Camp is a 2003 American musical comedy-drama film, written and directed by Todd Graff, about an upstate New York performing arts summer camp. The film is based on Graff's own experiences at a similar camp called Stagedoor Manor, where many scenes of the movie were filmed.

Plot
The film centers on the experiences of several teenagers at Camp Ovation, a summer theatre camp. Shy Ellen Lucas greets her friend Michael Flores, a gay teenager who was violently beaten by his classmates after showing up to his junior prom in drag. Nerdy Fritzi Wagner attempts to befriend icy Jill Simmons, but ends up toting her luggage instead. Returning camper Jenna Malloran laments that her parents forced her to have her jaw wired shut in order to lose weight. The campers are surprised by the arrival of Vlad Baumann, a handsome new camper who is, as a staff member marvels, "an honest-to-god straight boy." The camp enlists a guest counselor for the summer: composer Bert Hanley, whose play "The Children's Crusade" was a one-hit wonder many years earlier. Frustrated with his lack of recent success, he is now a grumpy alcoholic.

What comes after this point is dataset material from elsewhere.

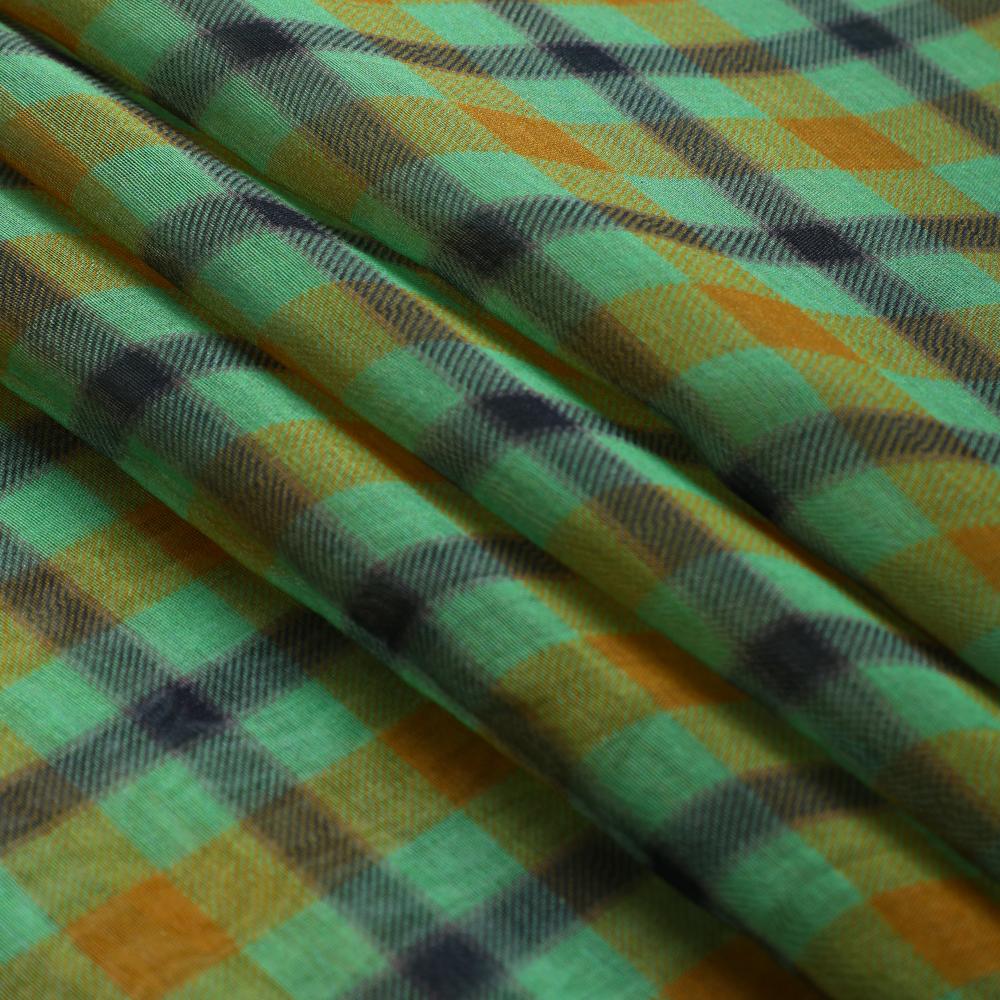 Green-Mustard Color Digital Printed Pure Chanderi Fabric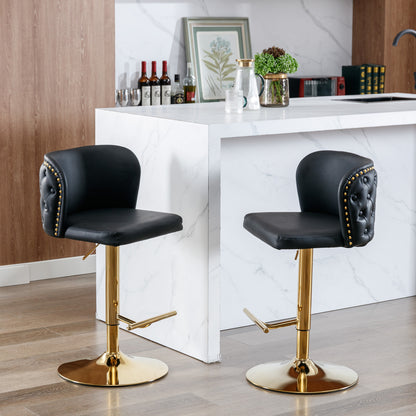 Tufted Swivel Barstools - Black  Set of 2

Vlad and Ellen flirt a bit after rehearsal one day. Soon afterward, Vlad is seduced by Jill, who later makes cruel cracks at Ellen for her weight and her inexperience with boys. Feeling guilty, Vlad comforts Ellen and the two begin to inch toward a relationship.

After Fritzi is caught washing Jill's underwear, Jill expresses her disgust with Fritzi and kicks her out of the cabin. Enraged, Fritzi sabotages Jill's next performance and takes her place mid-song, revealing her previously hidden talent.

Vlad convinces Michael to invite his parents to his next play. When they fail to show, Michael flees the stage mid-performance. Vlad reveals to Michael that he has his own hidden problem: Vlad has Obsessive Compulsive Disorder and must take medication to make life bearable.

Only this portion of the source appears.